* Aim of the exercise:
Pictures do not belong in the copy, so please give every entry below again exactly.

* Dataset records:
○ ○ ○ ○
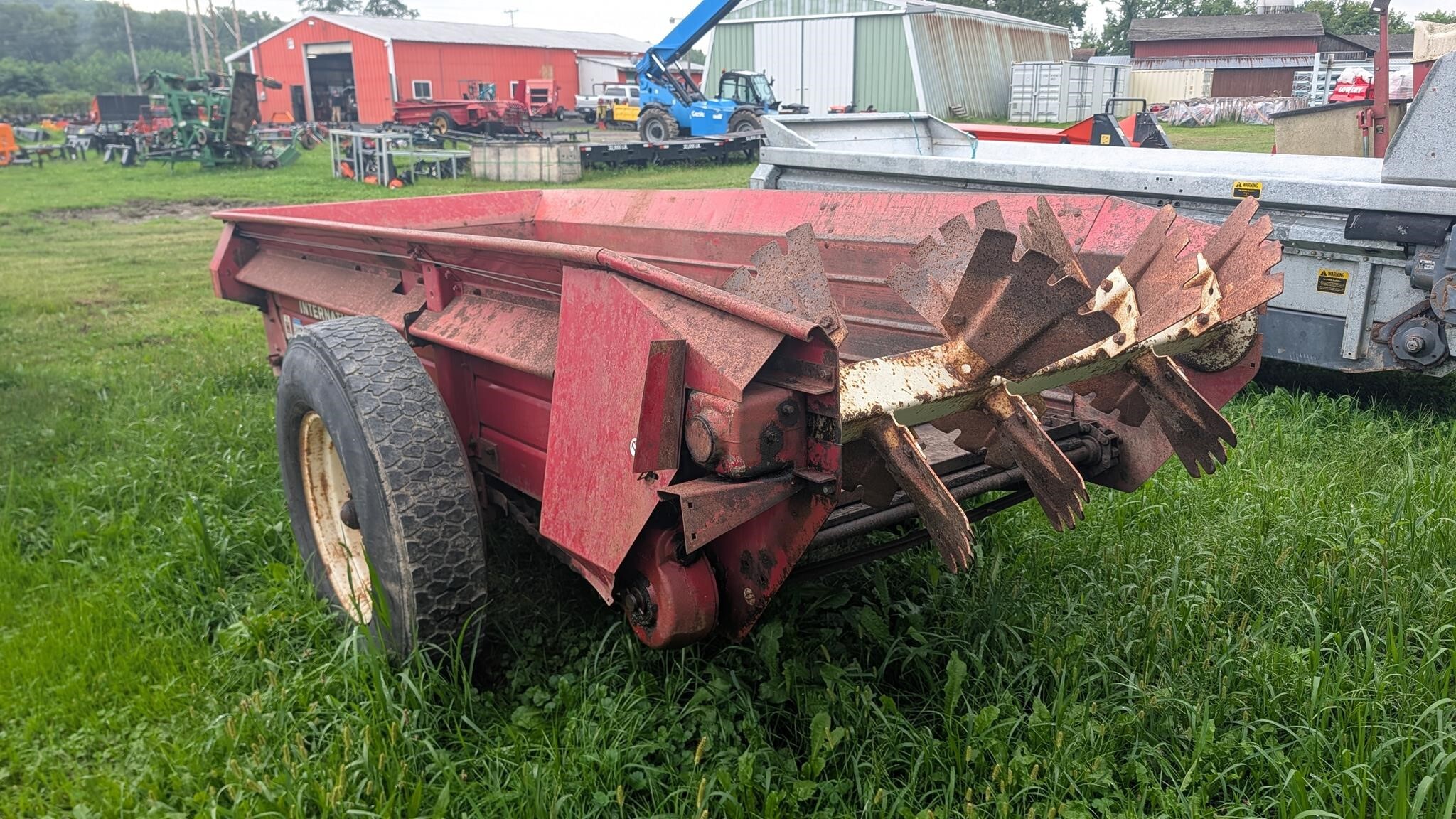 1985 International 530 Manure Spreader
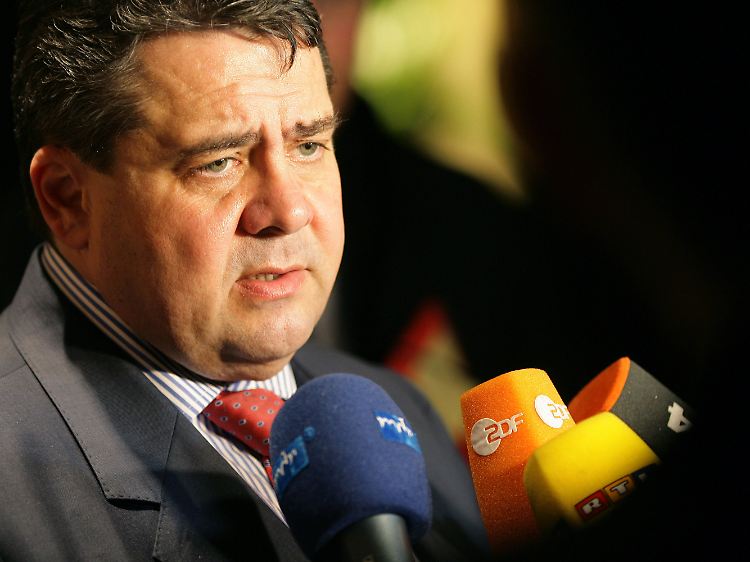 Gabriel meint, man müsse unbedingt an den ehrgeizigen Zielen festhalten.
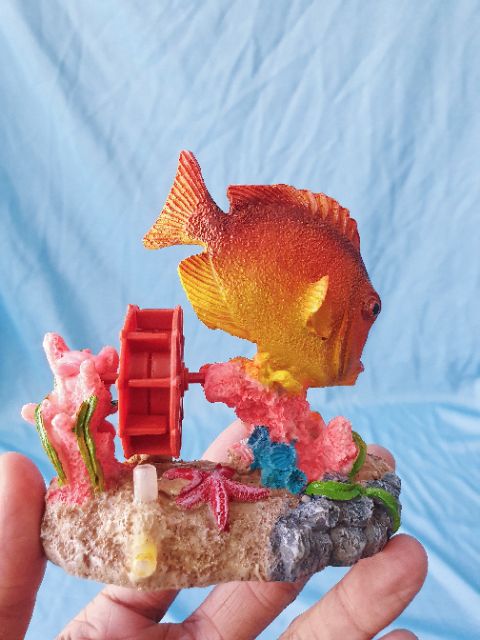CẢNH TRANG TRÍ HỒ CÁ NON BỘ CÓ BÁNH QUAY 9x4x9cm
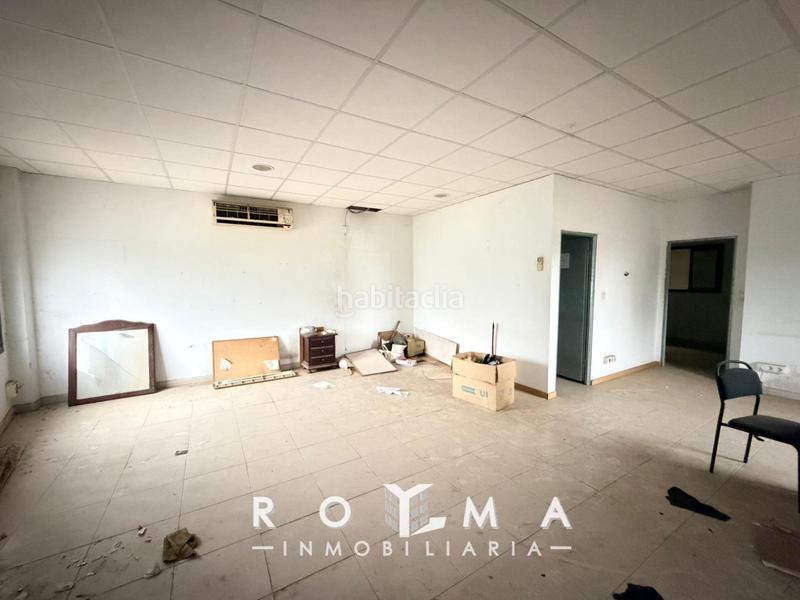 Foto 1077d902-9774-4e25-84c1-c6294e9f7672. Capannone industriale in La Motilla - Fuente del Rey Dos Hermanas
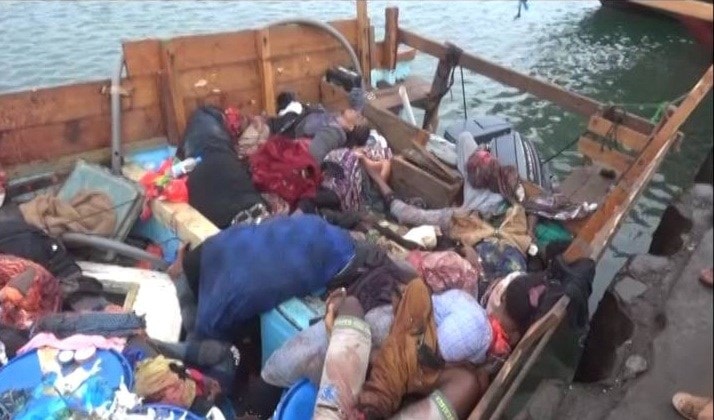 40 شهيداً و30 جريحاً حصيلة ضحايا غارات التحالف السعودي على قارب مهاجرين صوماليين إلى 40 شهيداً و30 جريحاً حصيلة ضحايا غارات التحالف السعودي على قارب مهاجرين صوماليين إلى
○ ○ ○ ○
* Output:
 1985 International 530 Manure Spreader
 Gabriel meint, man müsse unbedingt an den ehrgeizigen Zielen festhalten.
CẢNH TRANG TRÍ HỒ CÁ NON BỘ CÓ BÁNH QUAY 9x4x9cm
 Foto 1077d902-9774-4e25-84c1-c6294e9f7672. Capannone industriale in La Motilla - Fuente del Rey Dos Hermanas
 40 شهيداً و30 جريحاً حصيلة ضحايا غارات التحالف السعودي على قارب مهاجرين صوماليين إلى 40 شهيداً و30 جريحاً حصيلة ضحايا غارات التحالف السعودي على قارب مهاجرين صوماليين إلى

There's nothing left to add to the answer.